#### ACTIVITY:
Where the records below show a line containing "Champagne gold tub", start copying; end with the line containing "Hände einer Person", and copy it too.

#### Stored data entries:
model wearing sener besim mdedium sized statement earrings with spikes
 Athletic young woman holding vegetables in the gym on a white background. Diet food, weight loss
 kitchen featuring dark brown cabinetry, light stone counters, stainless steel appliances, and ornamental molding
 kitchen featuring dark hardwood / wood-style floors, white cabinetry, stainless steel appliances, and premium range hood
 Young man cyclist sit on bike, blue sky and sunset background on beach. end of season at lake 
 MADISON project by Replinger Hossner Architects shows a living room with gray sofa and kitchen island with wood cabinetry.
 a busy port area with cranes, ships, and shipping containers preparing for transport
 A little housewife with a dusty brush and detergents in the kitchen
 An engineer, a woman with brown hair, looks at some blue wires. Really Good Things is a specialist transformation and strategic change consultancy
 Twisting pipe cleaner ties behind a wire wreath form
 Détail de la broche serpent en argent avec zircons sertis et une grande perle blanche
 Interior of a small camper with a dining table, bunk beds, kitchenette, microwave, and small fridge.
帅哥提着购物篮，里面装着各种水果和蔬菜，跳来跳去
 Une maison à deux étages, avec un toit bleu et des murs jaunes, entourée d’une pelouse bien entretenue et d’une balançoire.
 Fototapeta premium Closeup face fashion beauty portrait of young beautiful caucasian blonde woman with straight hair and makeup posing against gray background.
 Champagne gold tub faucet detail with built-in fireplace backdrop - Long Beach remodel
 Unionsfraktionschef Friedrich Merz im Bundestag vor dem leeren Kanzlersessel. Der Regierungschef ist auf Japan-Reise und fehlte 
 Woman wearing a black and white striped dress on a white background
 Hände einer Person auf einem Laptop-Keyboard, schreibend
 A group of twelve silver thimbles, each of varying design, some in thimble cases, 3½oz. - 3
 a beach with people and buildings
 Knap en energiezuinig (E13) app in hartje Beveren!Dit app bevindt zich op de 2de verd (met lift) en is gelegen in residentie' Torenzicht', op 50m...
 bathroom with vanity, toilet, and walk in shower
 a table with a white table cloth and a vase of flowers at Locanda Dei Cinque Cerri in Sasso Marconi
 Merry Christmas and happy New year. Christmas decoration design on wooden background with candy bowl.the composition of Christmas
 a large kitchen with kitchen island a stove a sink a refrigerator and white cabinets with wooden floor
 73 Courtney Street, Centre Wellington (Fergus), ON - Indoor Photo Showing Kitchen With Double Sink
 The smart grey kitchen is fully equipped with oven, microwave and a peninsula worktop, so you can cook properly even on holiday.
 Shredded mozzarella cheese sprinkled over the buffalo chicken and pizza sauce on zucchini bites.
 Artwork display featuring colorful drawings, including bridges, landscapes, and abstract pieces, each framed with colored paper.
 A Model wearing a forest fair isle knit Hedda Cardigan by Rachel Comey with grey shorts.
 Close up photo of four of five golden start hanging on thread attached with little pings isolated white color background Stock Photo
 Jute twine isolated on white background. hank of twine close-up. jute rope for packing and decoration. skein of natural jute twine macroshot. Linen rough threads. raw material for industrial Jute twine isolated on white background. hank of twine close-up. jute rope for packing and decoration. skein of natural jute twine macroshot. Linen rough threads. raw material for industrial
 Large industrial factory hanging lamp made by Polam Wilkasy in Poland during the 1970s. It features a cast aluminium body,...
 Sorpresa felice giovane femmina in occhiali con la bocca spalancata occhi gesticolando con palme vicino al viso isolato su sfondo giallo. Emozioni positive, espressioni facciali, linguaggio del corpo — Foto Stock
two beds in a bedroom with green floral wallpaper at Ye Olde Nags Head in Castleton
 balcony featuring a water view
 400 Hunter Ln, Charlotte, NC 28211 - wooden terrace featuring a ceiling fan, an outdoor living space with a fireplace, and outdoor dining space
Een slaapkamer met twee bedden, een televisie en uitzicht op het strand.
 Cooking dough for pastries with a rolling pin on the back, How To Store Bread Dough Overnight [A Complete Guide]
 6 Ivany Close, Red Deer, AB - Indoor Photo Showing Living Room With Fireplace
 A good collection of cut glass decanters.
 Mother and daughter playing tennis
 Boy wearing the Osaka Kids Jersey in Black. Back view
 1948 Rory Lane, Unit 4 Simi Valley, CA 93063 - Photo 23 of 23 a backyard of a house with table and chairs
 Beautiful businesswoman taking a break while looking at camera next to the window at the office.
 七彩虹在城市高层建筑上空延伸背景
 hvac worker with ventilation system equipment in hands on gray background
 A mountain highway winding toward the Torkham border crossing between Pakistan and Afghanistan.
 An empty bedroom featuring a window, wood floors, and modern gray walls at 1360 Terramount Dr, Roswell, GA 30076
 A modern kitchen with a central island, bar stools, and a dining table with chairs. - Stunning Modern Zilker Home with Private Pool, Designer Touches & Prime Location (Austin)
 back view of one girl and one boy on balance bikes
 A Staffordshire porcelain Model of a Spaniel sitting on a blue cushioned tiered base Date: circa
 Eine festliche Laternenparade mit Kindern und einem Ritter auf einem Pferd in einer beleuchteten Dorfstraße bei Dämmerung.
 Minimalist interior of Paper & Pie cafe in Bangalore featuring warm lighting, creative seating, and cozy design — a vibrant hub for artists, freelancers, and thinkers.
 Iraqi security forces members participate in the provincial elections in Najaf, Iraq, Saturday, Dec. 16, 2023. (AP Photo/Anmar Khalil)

#### SOLUTION TO THIS TASK:
 Champagne gold tub faucet detail with built-in fireplace backdrop - Long Beach remodel
 Unionsfraktionschef Friedrich Merz im Bundestag vor dem leeren Kanzlersessel. Der Regierungschef ist auf Japan-Reise und fehlte 
 Woman wearing a black and white striped dress on a white background
 Hände einer Person auf einem Laptop-Keyboard, schreibend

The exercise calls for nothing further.